何の気無しに参加したが、たいへん良い企画で勉強になり、すぐに臨床の現場で役立つものだった。兵庫協会の担当者の方、そして、患者役を務めてくださった在日の外国人、ファシリテーターの皆さんに心よりお礼を申し上げたい。
研修会では、「やさしい日本語」について、話す前に整理する、一文を短くし語尾を明確にする、尊敬語・謙譲語は避け丁寧語を使う、等の講演があった。
そして、捻挫、歯肉炎で来院したとの二つのケースで、患者役に対し医療者が実際に病状や治療の進め方の説明をしていった。
捻挫は歯科で扱う病態ではないが、「骨折ではない」と明確に説明し安心感を与えるのが大事なことと、「捻挫」「弾性包帯」「腫脹している方を挙上すると早く腫れが引く」ことをどう平易に説明するかがたいへんだった。

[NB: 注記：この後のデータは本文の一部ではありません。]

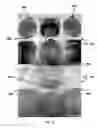 Fig. 09 - PEELABLE PACKAGE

歯肉炎に関しても、「歯垢による歯肉炎」「歯石は自分では取り除けないので当院で除去します」のは説明しにくかった。短い文章で端的に、ジェスチャーや実演などを交えると分かりやすいことを再認識することができた。
ポストコロナでまた外国人が増えることもあり、どこの病院、診療所でも外国人と対応する必要性が高まることだろう。こうした研修会を全国で開くべきだとも感じた。